Early Intervention for Spinal Cord Injury with Human Induced Pluripotent Stem Cells Oligodendrocyte Progenitors
Fig 4
Indirect immunofluorescence marker characterization of oligodendrocyte progenitors derived from human iPS cells.
Nuclei were stained with DAPI (blue). Results show reduced expression of early markers (A) A2B5 and (B) NG2 and increased protein expression of mid to late oligodendrocyte progenitor (OP) differentiation markers (C) O4 (D) RIP (E) O1 (F) myelin-associated glycoprotein (MAG) and (G) myelin-associated oligodendrocytic basic protein (MOBP).

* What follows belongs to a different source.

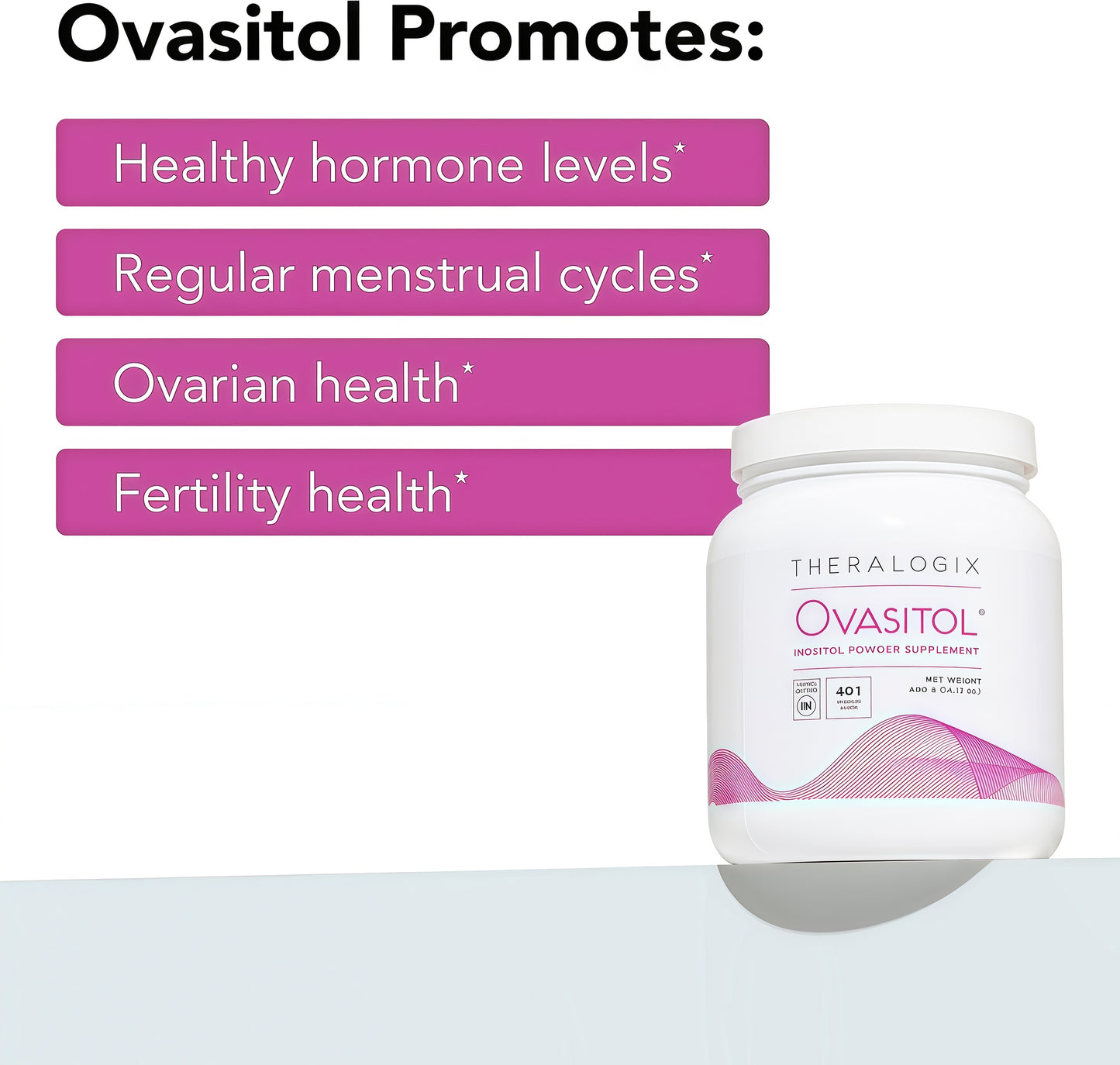 Ovasitol® Inositol Powder Supplement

Myelin basic protein (MBP) expression was not detectable by immunostaining. 1% or less of OP cells expressed markers of other neural lineages as denoted by (H) the neuronal maker neuron-specific class III beta-tubulin (TUJ1) and (I) the astrocyte marker glial fibrillary acidic protein (GFAP). (J) Quantification of the indirect immunofluorescence analyses calculating the percent of cells expressing a particular marker is shown in the lower panel. A higher percent of cells derived from BC1 expressed later OP markers MAG, MOBP and O1 while fewer cells from the BC1 lines expressed early neural progenitor (NP) and glial progenitor (GP) markers and early OP marker O4 compared to MR31 and A1-4. Differentiation of each cell line was performed in triplicate and the percent of positively stained cells was determined from 3 randomly, chosen 10X fields per 24-well cell culture dish from all three replicates. Values in the graphs represent mean ± SEM. * and † denote statistical significance compared to BC1 and MR31, respectively by ANOVA and Tukey post hoc tests (N = 9, P < 0.001). Scale bars: 100 μm.